イーロン・マスク率いるSpaceX、135ドルで株式公開し過去最大の75億ドル調達へ

イーロン・マスク率いるSpaceXは、1株あたり135ドルで株式公開価格を設定し、企業価値がおよそ1.8兆ドルに達しました。木曜日に米国証券取引委員会(SEC)に提出された申請資料によると、今回の株式公開は近年でも特に注目される市場デビューの一つとなる見込みです。

同社は5億5,560万株をこの価格で売り出し、合計で750億ドルを調達する計画です。この額は過去最大級のIPO規模となり、2019年のサウジ・アラムコの300億ドルを大きく上回ります。

航空宇宙・衛星通信企業であるSpaceXは、金曜日にナスダックでの株式取引を開始する予定であり、これにより一般投資家が初めて同社株式を購入できる機会が訪れます。公開価格基準では、SpaceXは完全希薄化後の評価額で約1.8兆ドルとして市場に参入します。

この高額な評価額には裏付けがあり、SpaceXは昨年、打ち上げサービス、政府関連契約、さらに急成長中のStarlink衛星インターネット事業を通じて約190億ドルの収益を上げました。
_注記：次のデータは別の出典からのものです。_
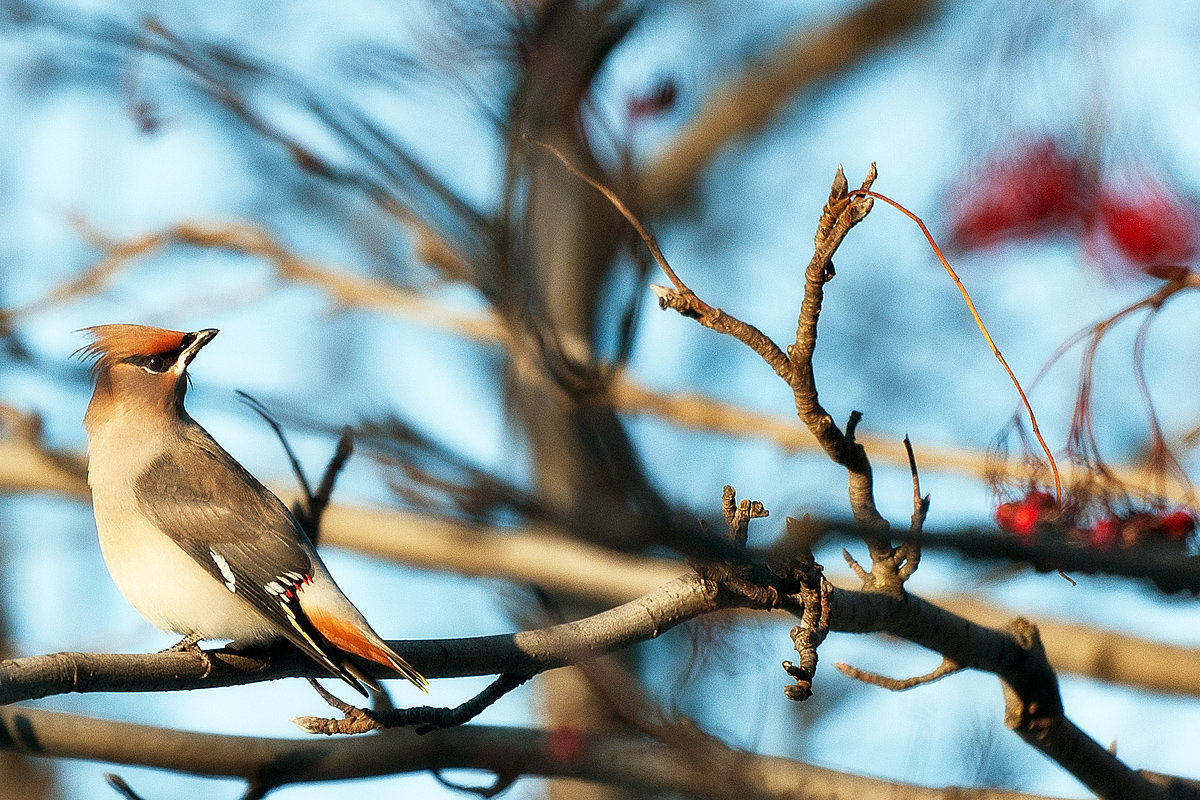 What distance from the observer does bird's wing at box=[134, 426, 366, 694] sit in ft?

また、同社が保有するビットコインの量も注目されています。2024年3月31日時点で、SpaceXは18,712ビットコインを保有しており、現在の市場価格(約63,500ドル)換算で約12億ドル相当となっています。

上場によりこれらの資産が公開市場に現れ、投資家はSpaceXの株式を通じて間接的にビットコインへのアクセスが可能になります。さらに、マスクはSpaceXと電気自動車メーカーTesla(TSLA)の統合を検討しているとの報道もあり、Teslaはすでに公開企業の中でも最大級のビットコイン保有で知られ、11,500ビットコイン超を所有しています。

なお、SpaceXのナスダック上場開始に合わせ、同社株をトークン化したバージョンがSolana基盤のインフラ上でも取引開始される見通しです。

このトークンはBackpackが発行し、SpaceX株式の基礎的所有権を表しており、同社のブローカリッジプラットフォームを介し株式と交換可能です。

今回の試みは、新規上場の米国株をオンチェーンで取引開始初日から提供しようとする最も注目度の高い事例の一つであり、支持者は世界中の投資家に対するアクセスと流動性を大幅に拡大すると主張しています。一方で、規制対応、カストディ問題、市場の分断化を懸念する声もあります。

SpaceXの上場は、大規模テクノロジー株への投資家需要や従来の金融市場とブロックチェーン市場の融合が進展するかを示す重要な試金石として期待されています。